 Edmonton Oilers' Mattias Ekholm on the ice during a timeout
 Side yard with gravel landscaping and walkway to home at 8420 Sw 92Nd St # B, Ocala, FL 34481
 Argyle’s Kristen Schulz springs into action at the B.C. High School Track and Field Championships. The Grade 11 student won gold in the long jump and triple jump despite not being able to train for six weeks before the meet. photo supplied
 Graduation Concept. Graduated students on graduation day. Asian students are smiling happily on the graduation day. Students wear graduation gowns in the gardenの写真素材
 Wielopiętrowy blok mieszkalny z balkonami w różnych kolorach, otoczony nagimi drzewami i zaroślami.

────────────────────

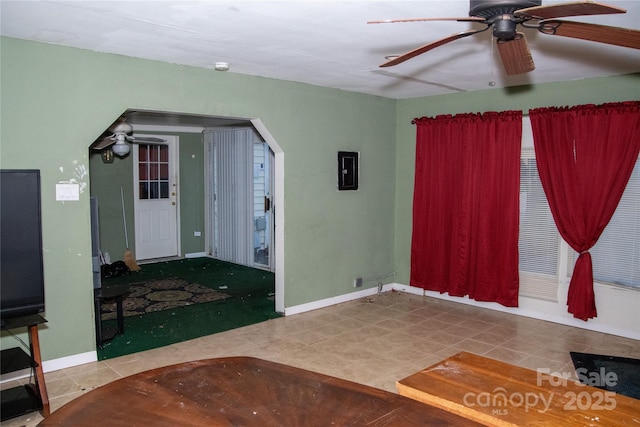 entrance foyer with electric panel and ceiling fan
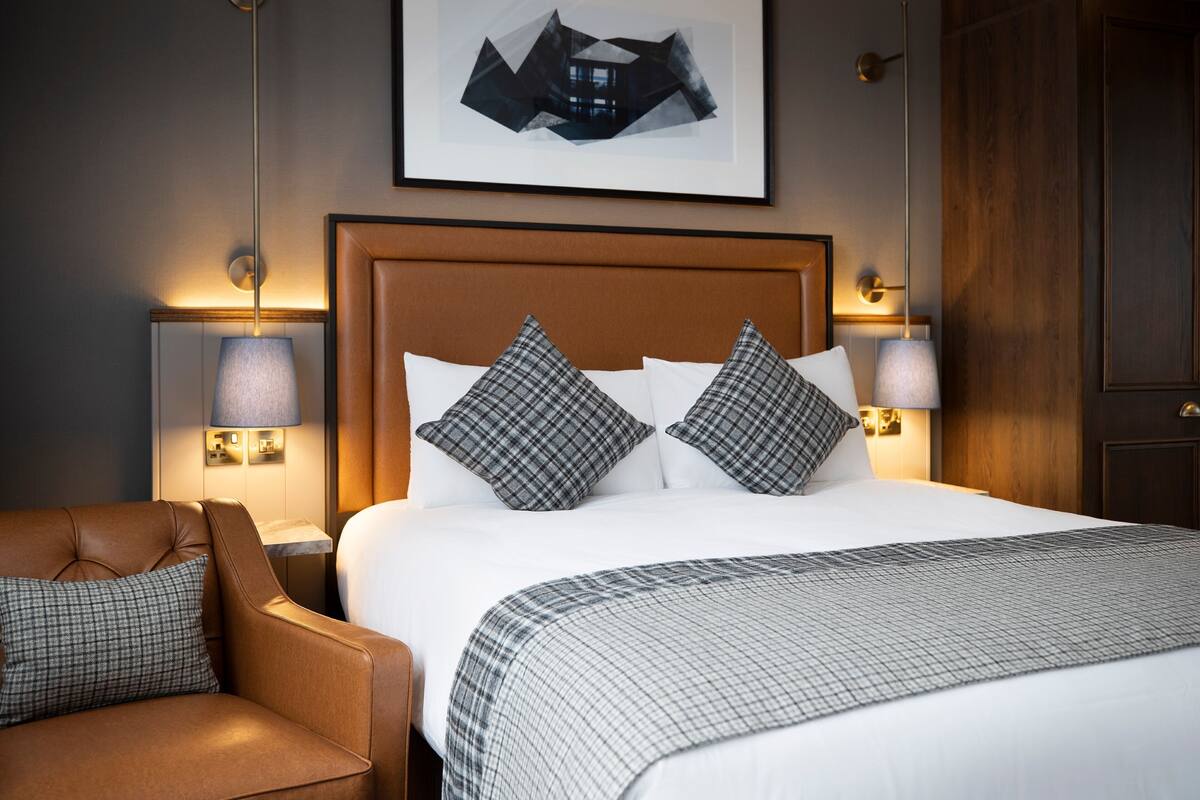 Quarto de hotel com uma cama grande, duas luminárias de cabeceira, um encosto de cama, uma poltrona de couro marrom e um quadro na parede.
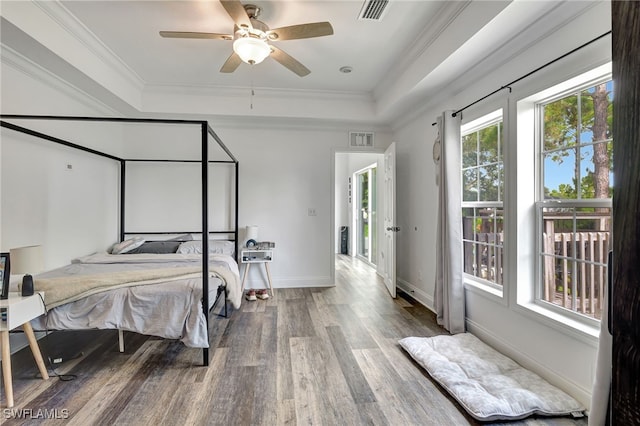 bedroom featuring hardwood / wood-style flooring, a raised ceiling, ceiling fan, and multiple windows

────────────────────

Since the pictures are not part of the copy, please transcribe only the lines above from the one with "Quarto de hotel" through the one with "bedroom featuring hardwood", exactly and with both ends.

 Quarto de hotel com uma cama grande, duas luminárias de cabeceira, um encosto de cama, uma poltrona de couro marrom e um quadro na parede.
 bedroom featuring hardwood / wood-style flooring, a raised ceiling, ceiling fan, and multiple windows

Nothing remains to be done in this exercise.